Small companies pay royalties on the market price of crude. Big companies – Shell, Exxon, Chevron – “sell” their crude to their own refineries – at prices $4 to $5 per barrel lower than market. That lowers their royalty rate and saves them millions.
What’s this all about?
Wisconsin Senator Russell Feingold was getting close, when he started talking about campaign contributions. “In the last Presidential campaign, in 1996, the parties raised $262 million in soft money, three times as much as in the 1992 election cycle. The experts project we will see perhaps as much as $500 million or even $600 million in this next election, and about 65 percent of the money is coming from corporate treasuries…. We have to realize that what is before us is not simply an amendment. It is an amendment supported by interests that have been involved in an immense infusion of corporate cash….
“Exxon gave more than $230,000 in soft money and more than $480,000 in PAC money; Chevron gave more than $425,000 in soft money and more than $330,000 in PAC money; Atlantic Richfield gave more than $525,000 in soft money and $150,000 in PAC money; BP Oil and Amoco, two oil companies that have merged into the newly formed petroleum giant, BP Amoco, gave a combined total of more than $480,000 in soft money and $295,000 in PAC money.… That is more than $2.9 million just from four corporations in the span of only two years.”

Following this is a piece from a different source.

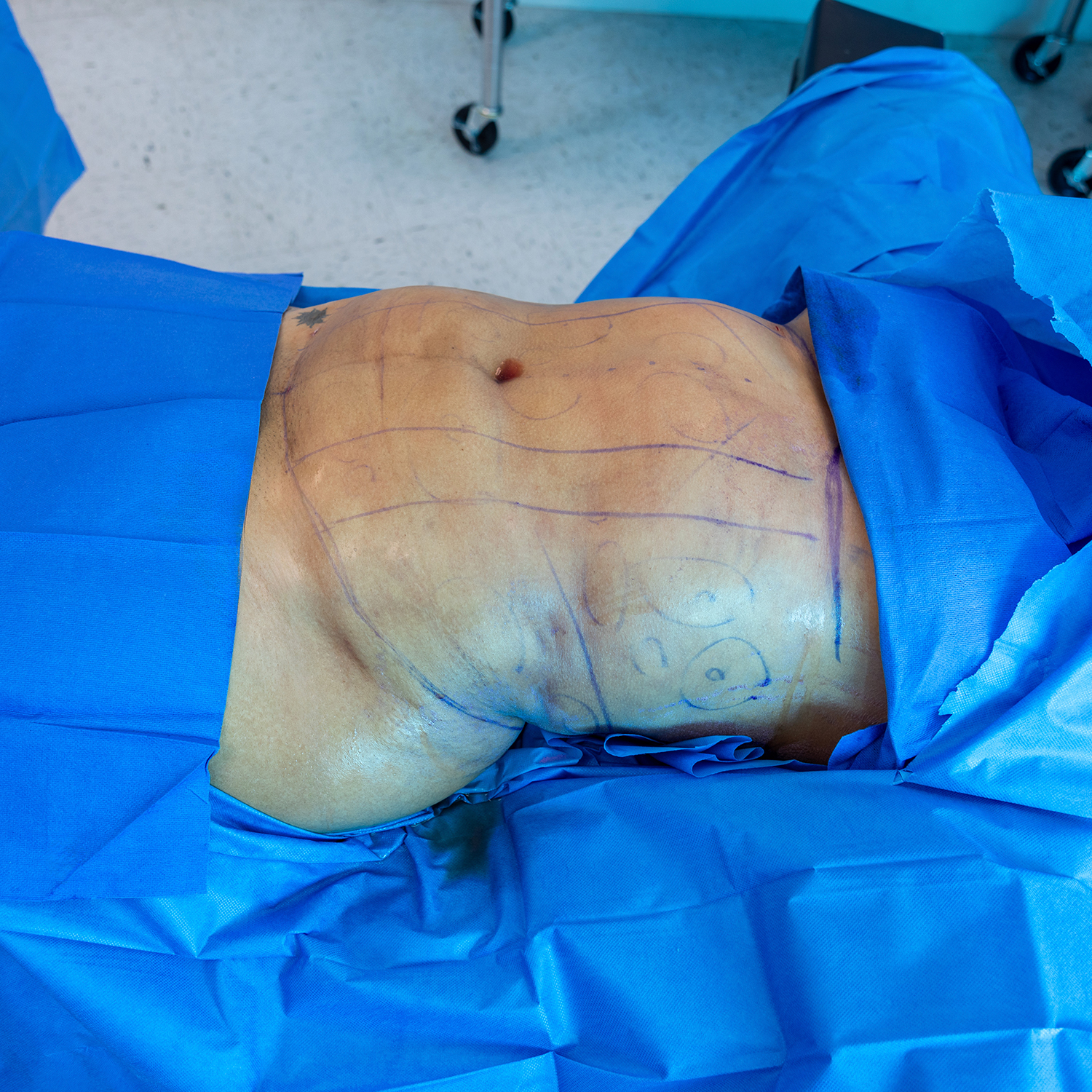 3-morales-lipo-before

Hutchison’s amendment didn’t cost the federal treasury big dollars. The tab on her previous royalty riders is $88 million. This year’s rider will only cost the public $66 million, a small part of the total federal appropriations of $600 billion. Yet enough this year, California Senator Barbara Boxer argued, “to hire 1,000 school teachers, or put 44,000 new computers into the classroom, or buy textbooks for 1.2 million students, or provide 53 million hot lunches for schoolchildren.”

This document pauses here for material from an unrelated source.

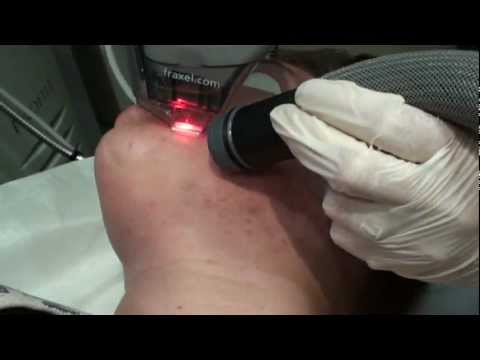 how to get rid of a g tube scar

There is an underlying issue. If Congress can compel oil companies to pay their fair share, what’s to stop it from requiring mining interests working on federal land to pay more than $5 per acre to mine gold – which some companies pay under the century-old law that governs their operations? What would stop Secretary of Interior Bruce Babbitt from again trying to charge ranchers grazing their herds on federal land something closer to fair market grazing lease rates?
There is some big money for Kay Bailey. The Senator has taken in $1.2 million in political contributions from the oil industry in the past five years. That didn’t make it into the Congressional Record. Shortly after Feingold steered the debate toward campaign contributions, he was ruled out of order by the Chair, who declared campaign finance was “not germane” in a debate about oil royalties.
The Chair must have been right when it ruled the oil rebate issue had noting to do with campaign finance. After all, it was John McCain – co-sponsor of Feingold’s campaign finance legislation – who cast the sixtieth vote required to end the filibuster and protect the oil subsidy. “It was a victory for America,” Hutchison said.